== Dataset ==
-------
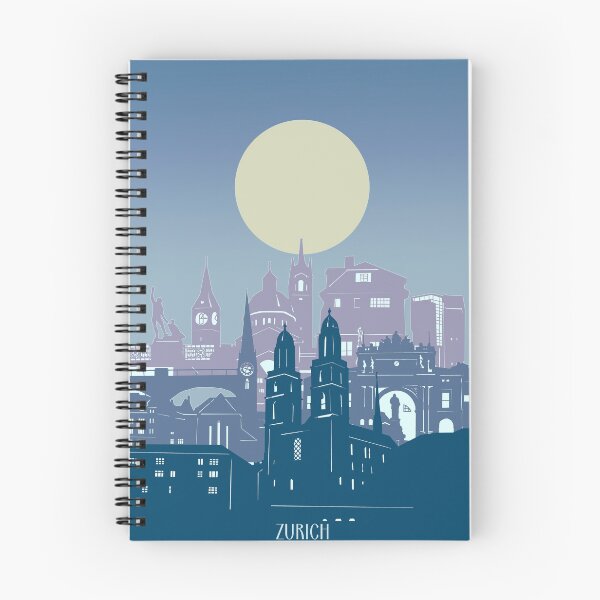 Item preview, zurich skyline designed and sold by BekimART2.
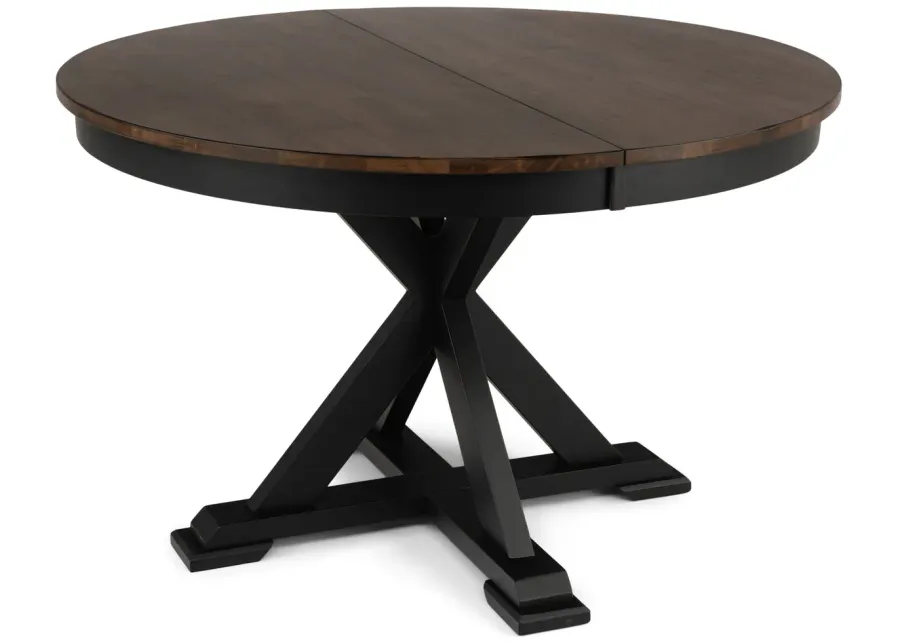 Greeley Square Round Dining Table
-------
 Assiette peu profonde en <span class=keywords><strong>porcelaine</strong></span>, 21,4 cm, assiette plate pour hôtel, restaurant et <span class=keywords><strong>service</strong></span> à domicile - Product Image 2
-------
== Task description ==
Look through the material above. Transcribe exactly the lines between the ones with "Item preview, zurich" and "Greeley Square Round Dining Table", inclusive, and keep pictures out.

== Exercise output ==
 Item preview, zurich skyline designed and sold by BekimART2.
 Greeley Square Round Dining Table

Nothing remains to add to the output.